Caroline Ha Thuc: This time, you are coming back to Hong Kong with quite a personal exhibition, Is the world your friend?, where you mix your own experience as a victim of aggression with today’s representations and manifestations of violence. Isaac Chong Wai: People often think there’s a gap between personal and social issues. Is art a way to put them together? When I think of my works that are presented in Hong Kong, they are all somehow personal to me, even if they might not seem so, like my recent installation A selfie that celebrated a murder incident in the no man’s land. This work features 91 crystal blocks of framed images extracted from online video footage of killers taking selfies after shooting people in international waters. After watching the video online, I could not get rid of these images. I tried different ways to deal with them: I tried drawing and painting, but I disliked seeing the images. Then I recognised that I didn’t want to see them, and this is how I decided to make a work which is both visible and invisible. From the front, since all the blocks overlap, one cannot recognise the images of them taking selfies. However, while walking through the installation, every frame stands there as if the whole motion has stopped or slowed down. For me, this work is still personal. It is something that I felt like I had to deal with through art. It shows different my thinking processes about what I imagine the event could be transformed into.

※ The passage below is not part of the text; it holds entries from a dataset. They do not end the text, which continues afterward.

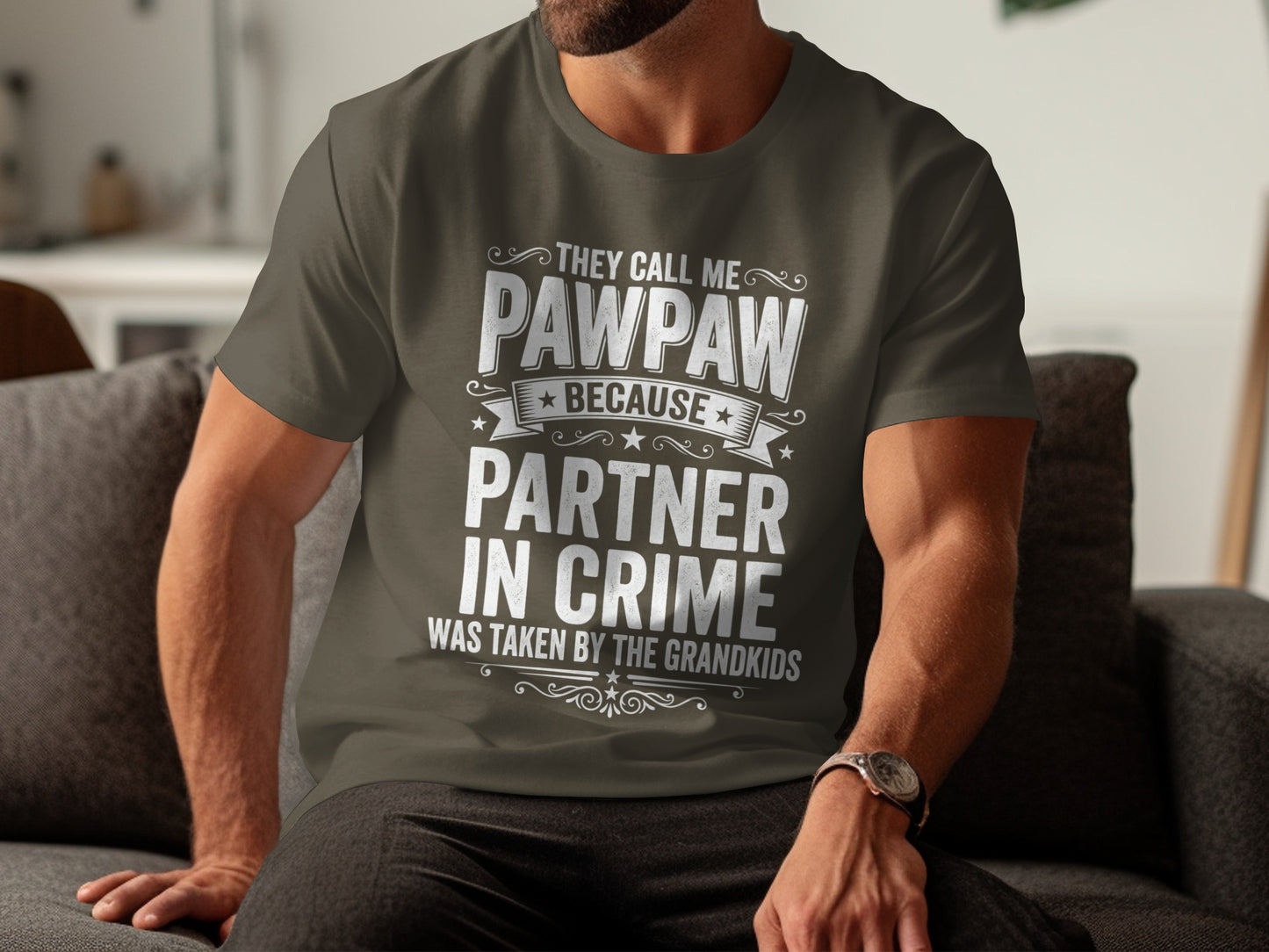 Dark t-shirt with "Pawpaw Partner in Crime" text and a star design.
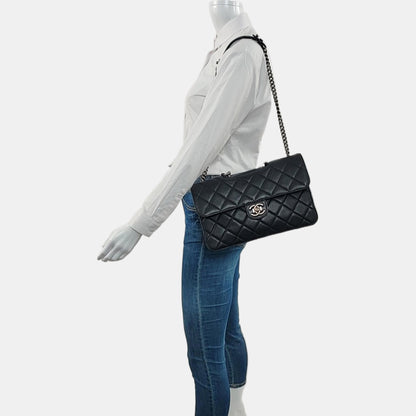 CHANEL PERFECT EDGE Black Lamb Skin Quilted Monogram Crossbody Bag Handbag Shoulder Bag Ruthenium Hardware 21 Clasp-(SKU)-966996971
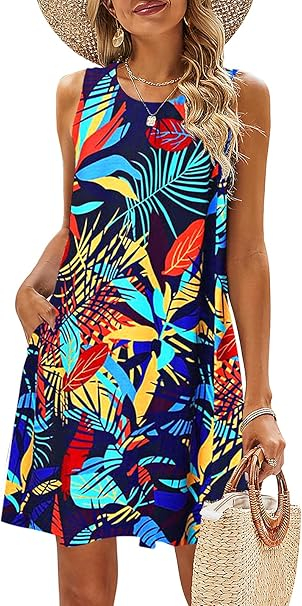 Rochie lejera de vara pentru femei, usoara, fara maneci, pana la genunchi M [1]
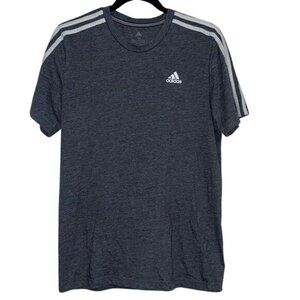 Adidas Mens Gray T-Shirt With White Stripes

CHT: Why did you choose to testify to the violence committed against you through an art work? How do you connect these personal experiences with your other works? Is your daily life a source of inspiration? ICW: For me, it was a way out. I needed to deal with what happened, otherwise I might have got stuck with the experience, unable to move on. Still, I think I was very lucky. After a stranger used a glass bottle to hit my head, I actually asked a policeman to take a picture of me. Unsurprisingly, the picture wasn’t very well taken, so when I got home I used my camera and timer to take a picture of myself. Once I saw it, I found the bruise beautiful, with its geometrical shape and layers of colour. I think that aesthetics and appreciation, or being a stranger looking at myself, helped me to deal with this terrible experience. I won’t say these personal experiences are directly connected to my other works, yet they reflect the way I deal with events through art. I often think about how the personalisation of events might bring reconciliation, no matter if it is something that happens to me or something I wasn’t even part of. I still think that the speech The Dead: Speech on the Three World Wars by [20th-century German philosopher and writer] Günther Anders had a big influence on me concerning how to remember death in order to prevent terrible events from happening in the future. I would say that my daily life is surely my source of inspiration; it becomes a performance when art intervenes.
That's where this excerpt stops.